Azure Sentinel has a variety of methods to perform lookups, enabling diverse sources for the lookup data and different ways to process it. Overall, I think you will find that Azure Sentinel capabilities offer unparallel lookup prowess. 


Why lookups?

Why do you need to look up information in a SIEM query, whether hunting queries or detection rules? The top reasons are:

  • Whitelisting - making sure a query ignores known outliers that do not justify alerting on. For example, excluding a backup process from a query identifying access to large amounts of data.
  • Watch lists - in reverse, making sure that alerts with the listed entities are promoted, whether by assigning a higher severity or by alerting only on those. For example, flagging access to sensitive finance files.
  • Enrichment – extending events or alerts with additional information needed for detection or investigation. Common enrichment sources include user information, asset or resource information, geoinformation, and threat intelligence.

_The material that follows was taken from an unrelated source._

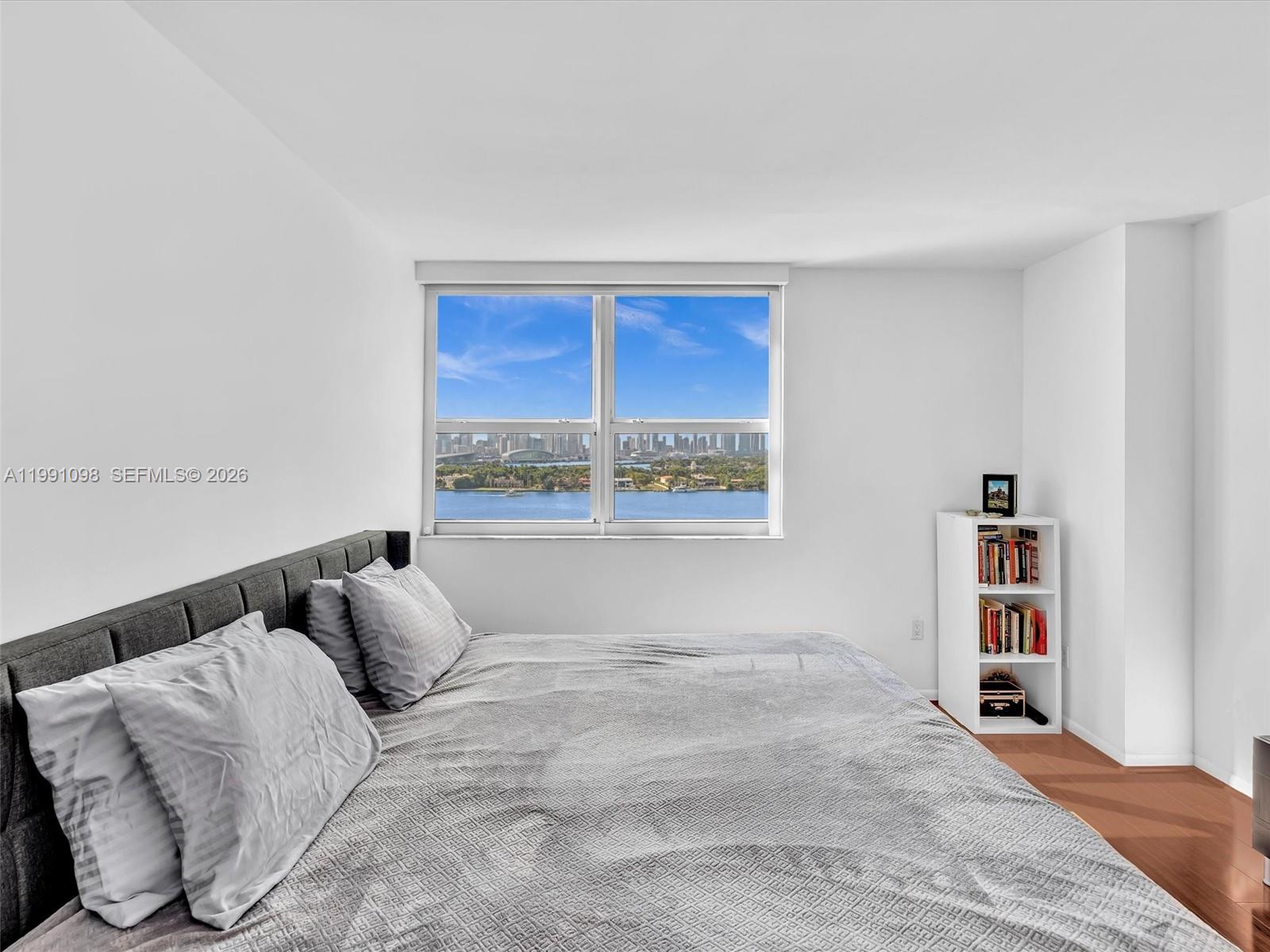 650 West Ave #1605 Miami Beach, FL 33139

Those are critical capabilities of a SIEM. While each specialized security tool has a partial view of the world, a SIEM can utilize its broader outreach to enrich event and alert data and centrally manage white lists and watch lists.

In this blog post, I examine implementing all those use cases in Azure Sentinel.


Lookup files

To reference the data, we first need to locate it. The variety of use cases above implies that the data may exist in many places and accessible by different means. I will discuss referencing lookup data in databases or applications accessible using an API in later blog posts but start with the most common lookup source: files. Being the least common denominator, files are ubiquitous for lookups and can be used in nearly every circumstance:

  • Anyone can manually create or edit them
  • It is easy to fetch data from any other source and keep it as a file for lookups
  • Like Azure Sentinel, they are flexible concerning format, allowing less upfront hassle


The KQL externaldata operator

To support a lookup from an external file, KQL offers the "exernaldata" operator. Unlike lookup implementation in other SIEM products, Externaldata is not a lookup operator. Instead, externaldata enable using files as if they were Azure Sentinel tables, which allows preprocessing of the file before actually performing the lookup, for example filtering, parsing. I will demonstrate each in the examples below.


Step by step: whitelisting


Creating the file


  • Create an Azure storage account
  • Create a blob container
  • Upload to it your lookup file

In the following sections I will use the following CSV file, conveniently created in Excel:

UserName,DisplayName,Risk,Location,Chris Green,70,"{ ""City"": ""Redmond"", ""State"": ""Washintgon"", ""Country"": ""US"" }",Ben Andrews,100,"{ ""City"": ""Oxford"", ""State"": ""Oxfordshare"", ""Country"": ""UK"" }",Nir Cohen,50,"{ ""City"": ""Tel-Aviv"", ""State"": """", ""Country"": ""IL"" }",Cynthia Silva,20,"{ ""City"": ""Rio de Janeiro"", ""State"": ""Rio de Janeiro"", ""Country"": ""BR"" }",Chandana  Agarwals ,100,"{ ""City"": ""Mumbai"", ""State"": ""Maharashtra"", ""Country"": ""IN"" }"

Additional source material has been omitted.